[Prompt] Beginning with the line that holds "A city built", write out each line exactly as it stands until the end of the data, and include no pictures.

[Records — start]

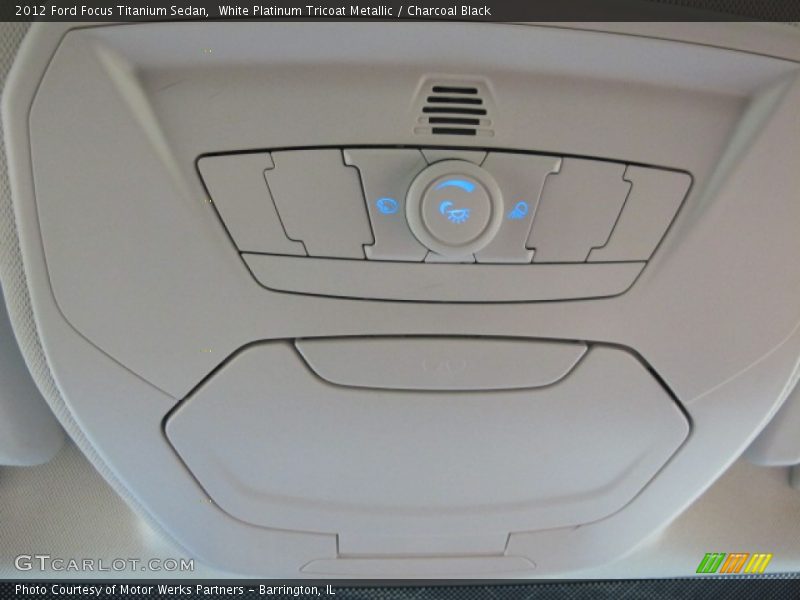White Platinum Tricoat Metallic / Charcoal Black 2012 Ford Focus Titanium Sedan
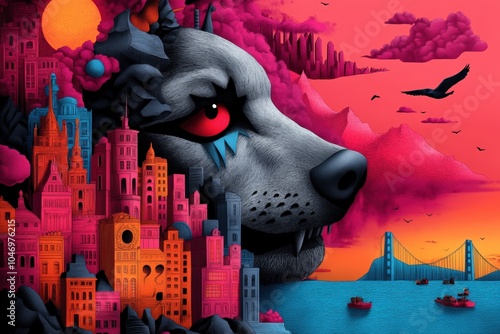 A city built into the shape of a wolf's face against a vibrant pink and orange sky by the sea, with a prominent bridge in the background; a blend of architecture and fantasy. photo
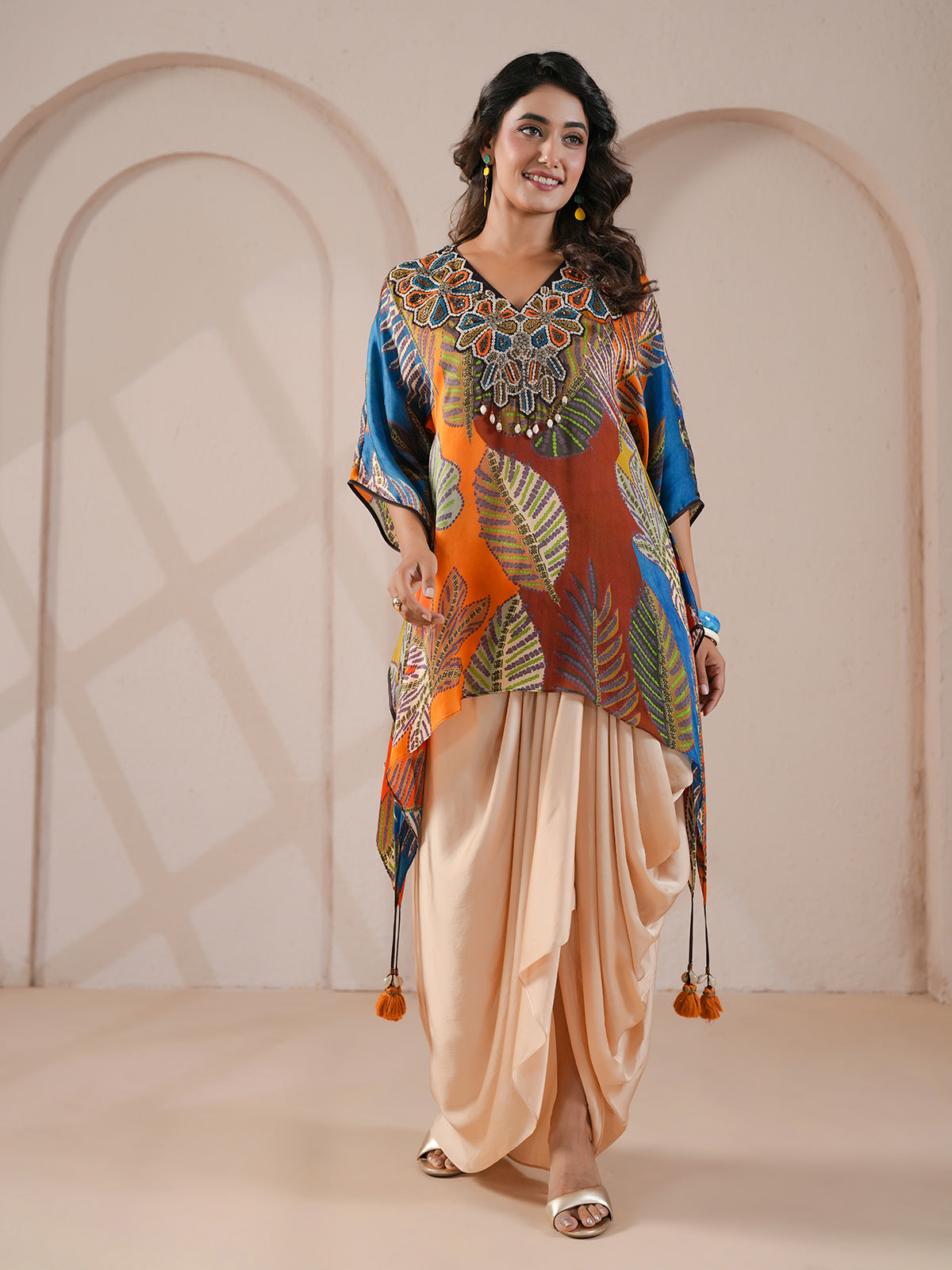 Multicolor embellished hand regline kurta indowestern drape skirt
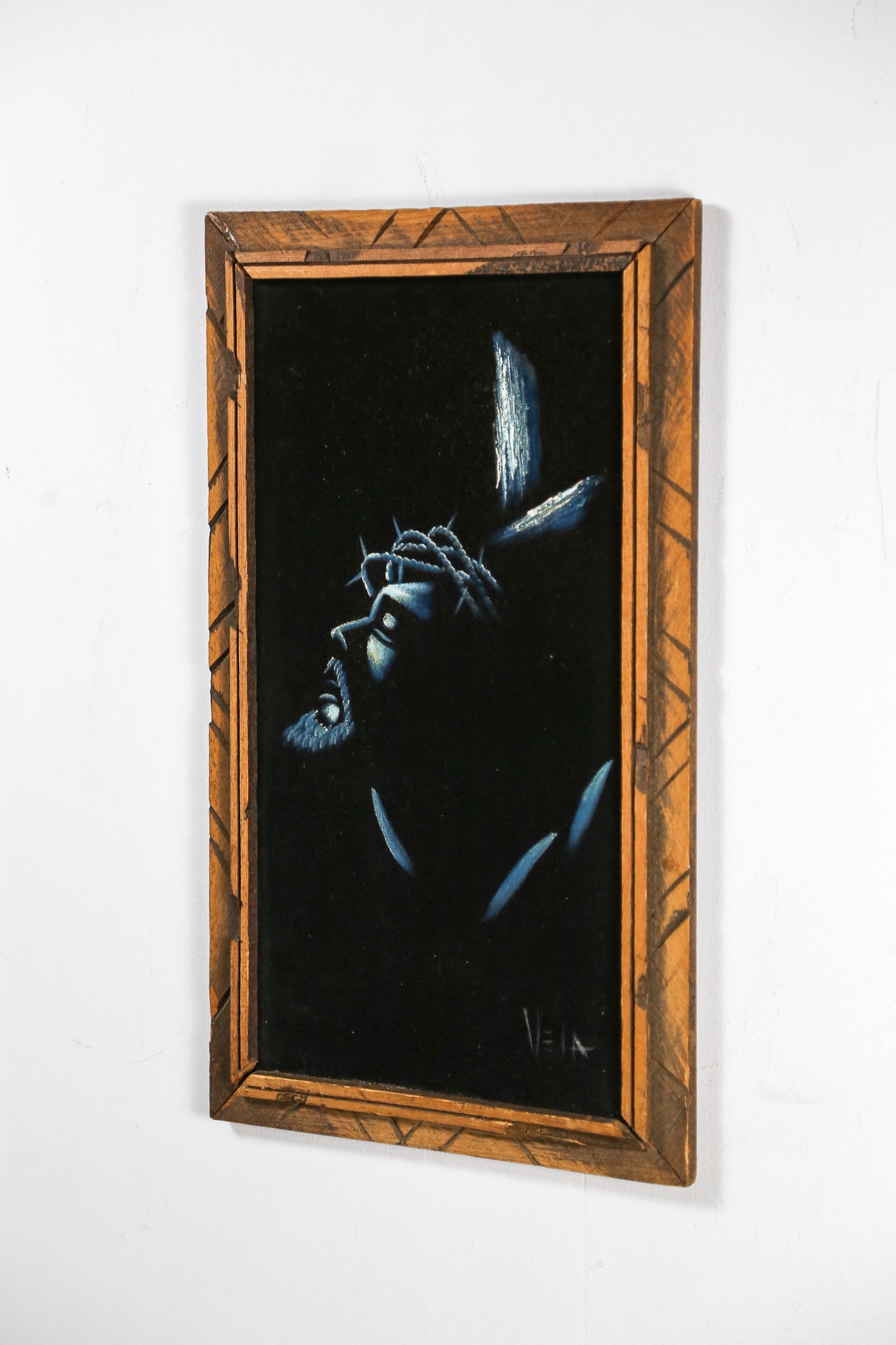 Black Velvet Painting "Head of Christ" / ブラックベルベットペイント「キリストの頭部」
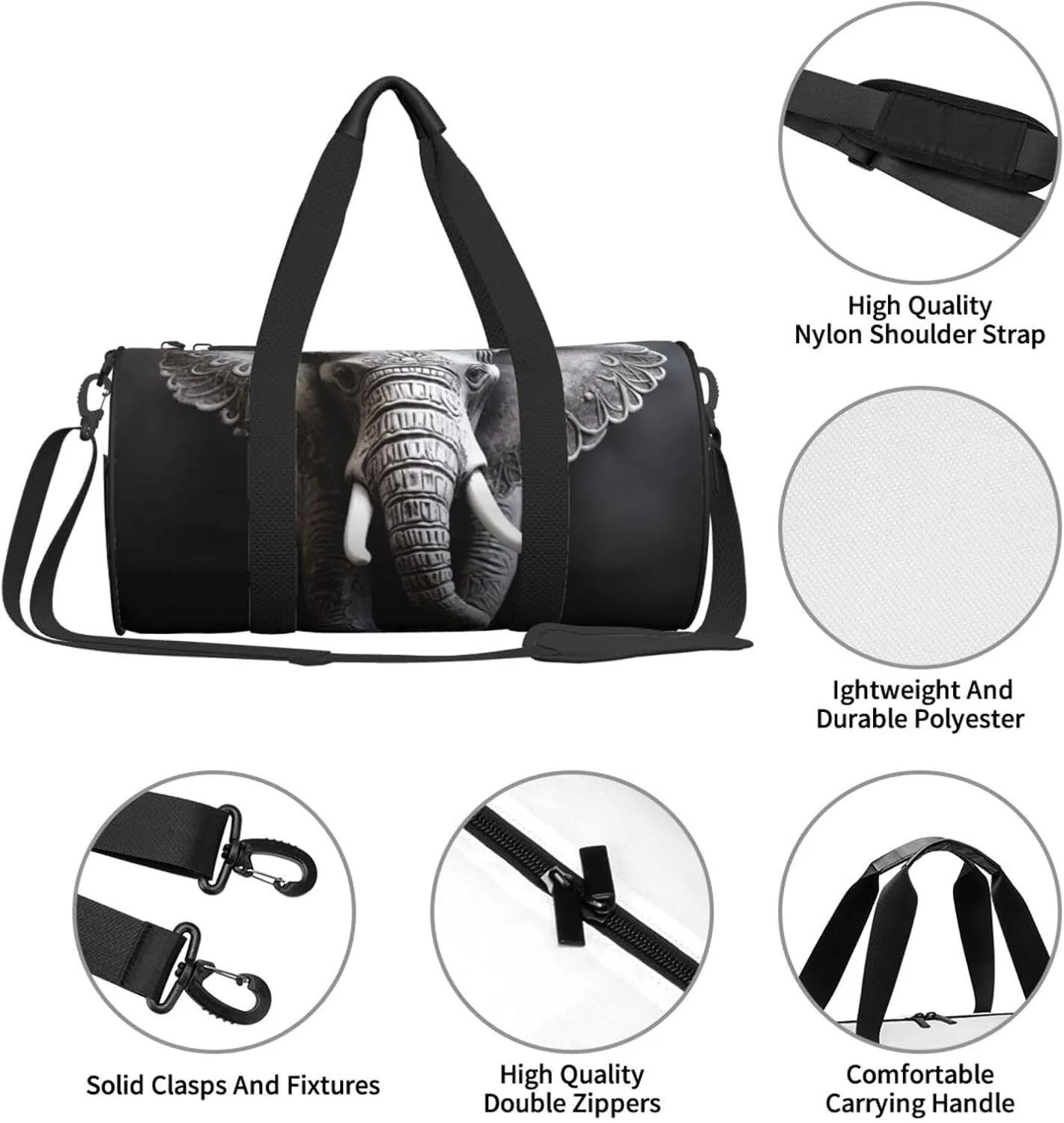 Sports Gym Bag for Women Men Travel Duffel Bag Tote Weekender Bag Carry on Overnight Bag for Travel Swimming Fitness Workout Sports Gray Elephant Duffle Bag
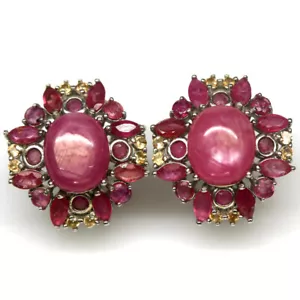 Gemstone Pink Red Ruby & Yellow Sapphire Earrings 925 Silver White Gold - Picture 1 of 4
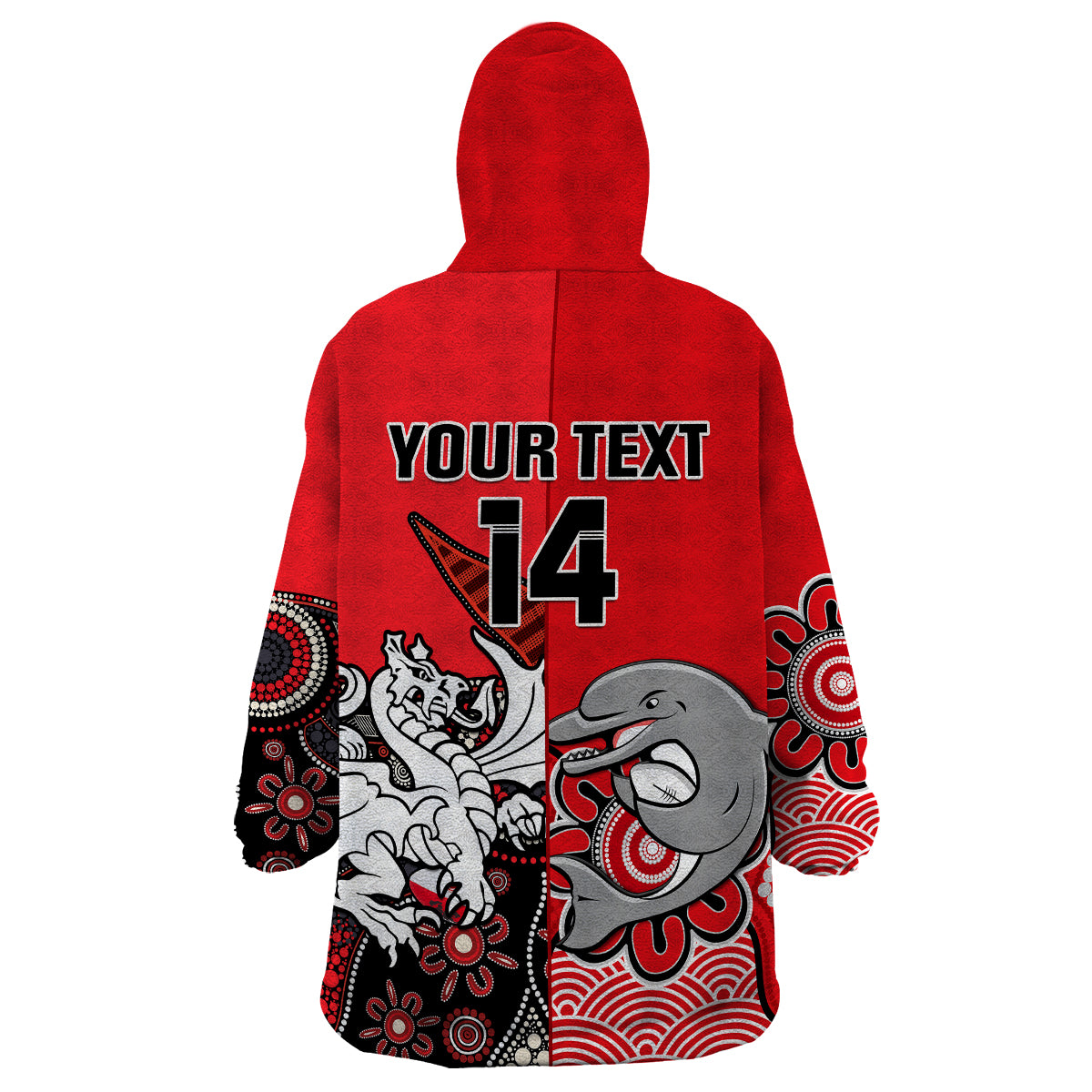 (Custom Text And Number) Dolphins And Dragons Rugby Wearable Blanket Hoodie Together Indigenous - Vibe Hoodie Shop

[Records — finish]

[Result of the exercise]
 A city built into the shape of a wolf's face against a vibrant pink and orange sky by the sea, with a prominent bridge in the background; a blend of architecture and fantasy. photo
 Multicolor embellished hand regline kurta indowestern drape skirt
 Black Velvet Painting "Head of Christ" / ブラックベルベットペイント「キリストの頭部」
 Sports Gym Bag for Women Men Travel Duffel Bag Tote Weekender Bag Carry on Overnight Bag for Travel Swimming Fitness Workout Sports Gray Elephant Duffle Bag
 Gemstone Pink Red Ruby & Yellow Sapphire Earrings 925 Silver White Gold - Picture 1 of 4
 (Custom Text And Number) Dolphins And Dragons Rugby Wearable Blanket Hoodie Together Indigenous - Vibe Hoodie Shop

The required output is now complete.